RE3 in general has more of an action vibe than RE1 and 2, with less puzzles and bigger guns earlier on. It sounds like it’s not in the true RE spirit, but it still feels like a horror game and the gameplay sequences with regular enemies and boss fights are great. There are some tough zombie encounters and a lot of uncertainty about zombie positions. The tension stays pretty engaging, and ammo / health management is still important. I think it’s nice to have different pacing in RE2 and RE3. The game still feels like a survival horror, just with a bigger focus on shooting. It does still have a couple of puzzles and item requirements too, just on a smaller scale. You won’t be finding Spade Keys or anything, in fact Carlos has a funny quote in the game making fun of it. The game is self-aware of the differences between this and RE2, and displays them with pride. Leon and Claire were rookies but Jill and Carlos are professionals, here to slay and save the day.

The game has been criticised for being short, and it does feel a little shorter than every other RE game I have to admit. This is not ideal, as Resident Evil games are on the short side to begin with. Thankfully it makes up for it with tremendously detailed areas with lots of gameplay content. I’ve played through the game three times now and it only came out last week.

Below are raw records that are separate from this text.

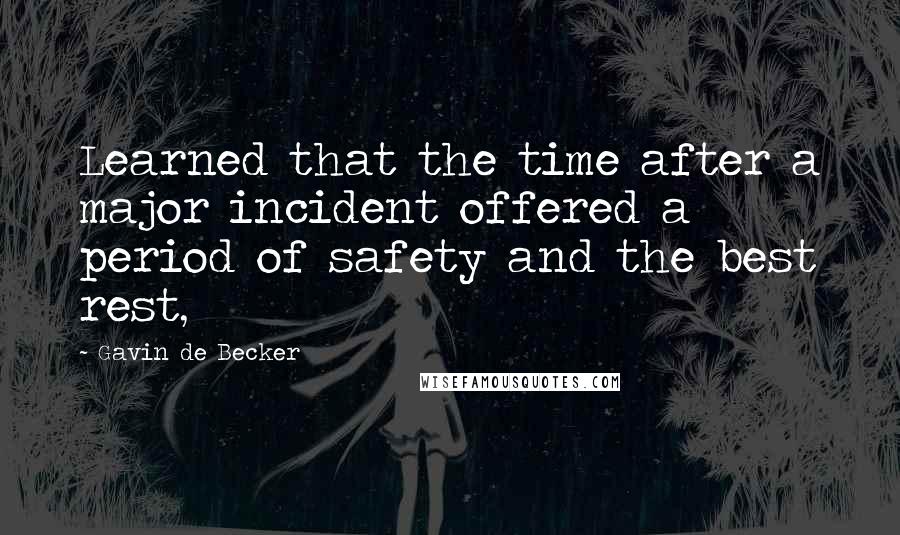 Gavin De Becker Quotes: Learned that the time after a major incident offered a period of safety and the best rest,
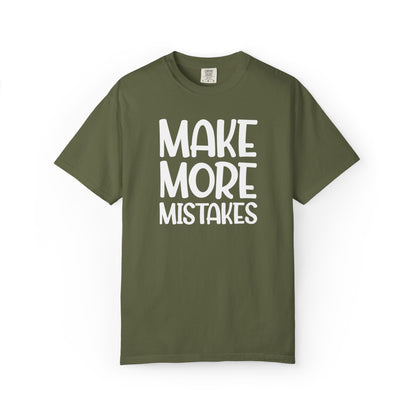 Make More Mistakes Trendy Tee Learning Journey Empowerment Creative Passionate Hard Work Keep Trying Unisex Heavy Cotton T-Shirt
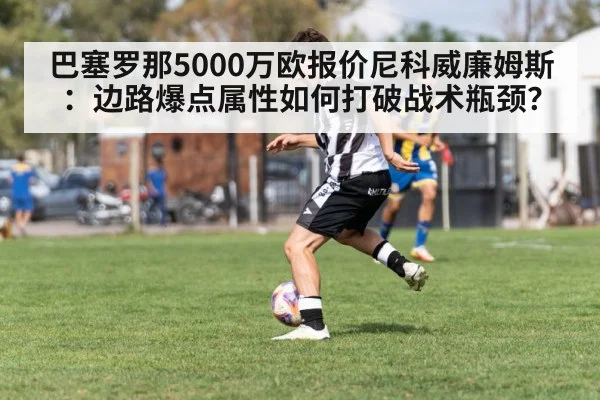 巴塞罗那5000万欧报价尼科威廉姆斯：边路爆点属性如何打破战术瓶颈？ | jiuyou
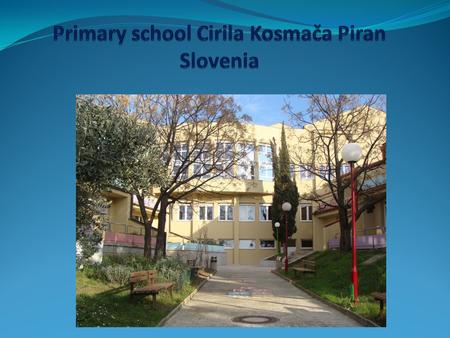 Welcome to our school ! A view from the school. The Adriatic sea and the school yard.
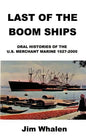Last of the Boom Ships: Oral Histories of the U.S. Merchant Marine 1927-2000 - Paperback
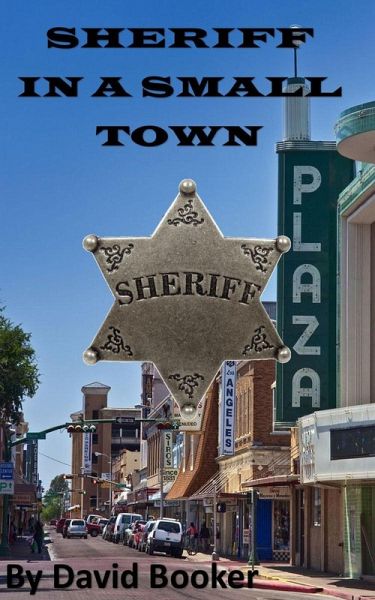 Sheriff in a Small Town (eBook, ePUB) Sheriff in a Small Town (eBook, ePUB)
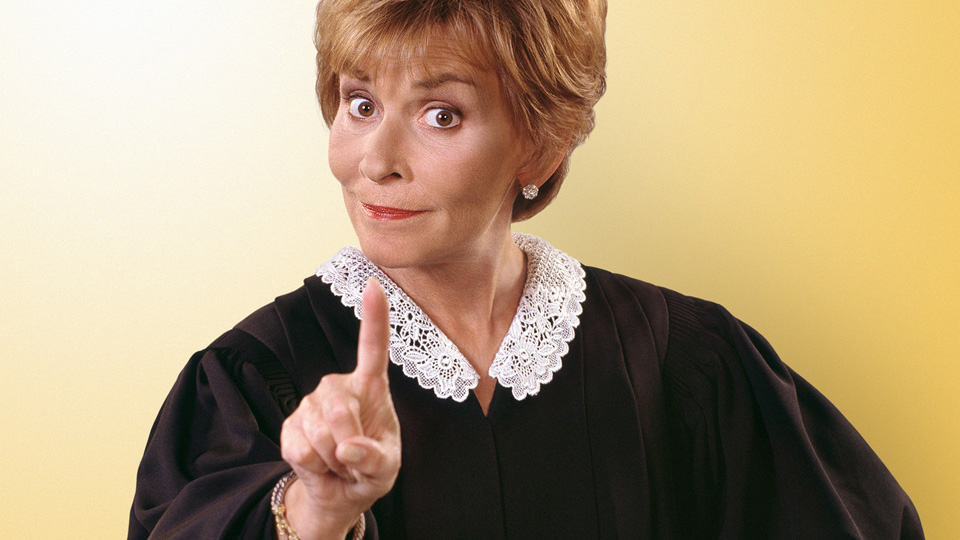 Judge Judy’s never used a gavel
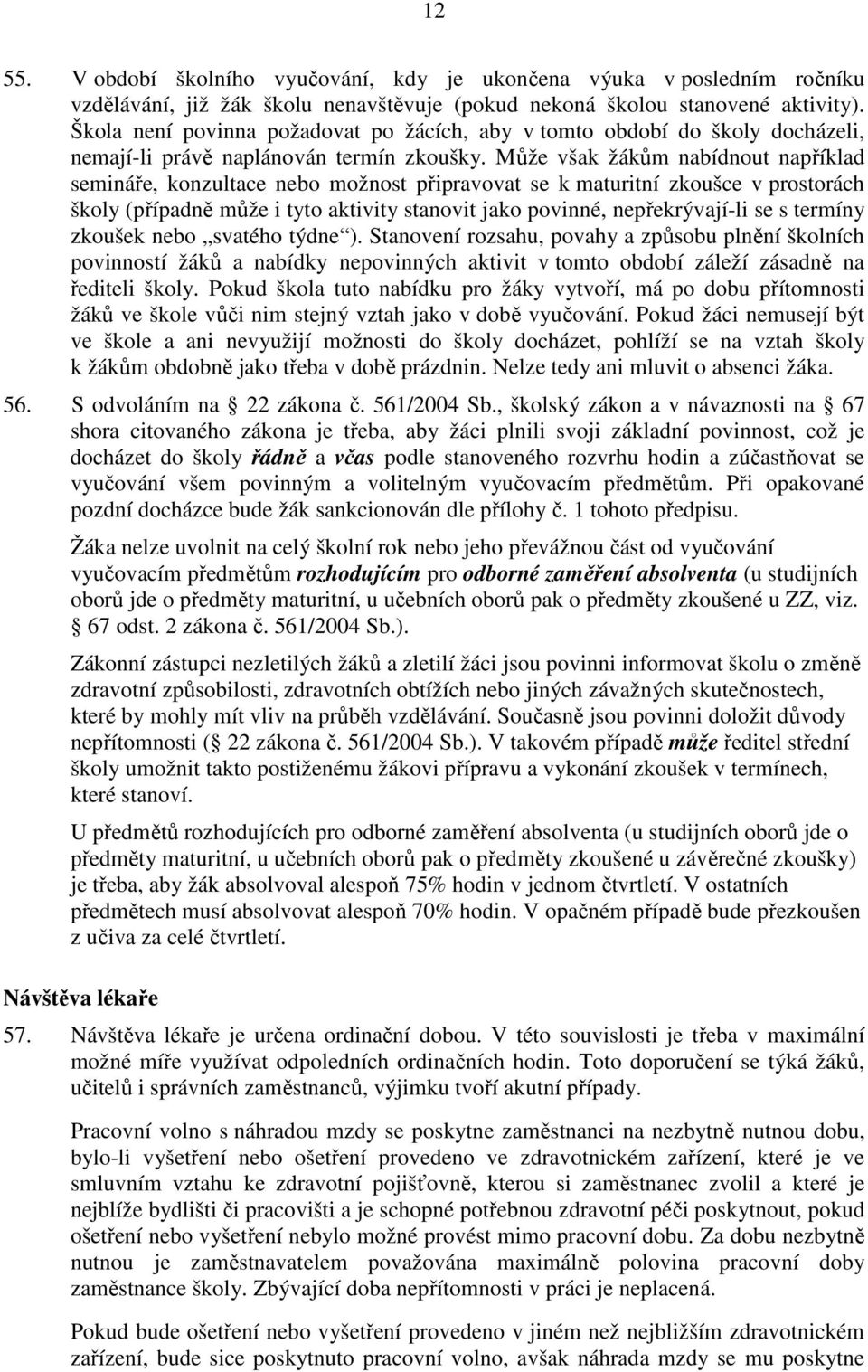 Může však žákům nabídnout například semináře, konzultace nebo možnost připravovat se k maturitní zkoušce v prostorách školy (případně může i tyto aktivity stanovit jako povinné, nepřekrývají-li se s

It just doesn’t get boring. The streets specifically have so much going on, that I’ve noticed new things with each playthrough. Not just static detail, but small events and bits of dialogue.

There’s also a lot of ways to play the game. As you unlock points for beating challenges, you can use the in-game shop (no microtransactions or DLC for this game at present) to buy new guns, items and assists. These can all give you more confidence to raise the difficulty, once you get the infinite handgun for example, Hardcore Mode becomes more appealing. The more you play, the more you learn about the game and the more options you get in return.

I love Resident Evil 3 despite it’s shortcomings. It really does a wonderful job of presenting the scenario it has. The relatively short length, and lack of puzzle solving honestly makes sense in the context of the events unfolding. Running around Raccoon City in the middle of a zombie outbreak, with multiple things happening at once, people fleeing, things constantly changing, Nemesis destroying walls and blowing things up, it just feels very exciting and real. There’s also an extremely interesting backstory of Umbrella and corruption that extends all across the city. Highly recommended if the events in the real world aren’t interesting enough for you.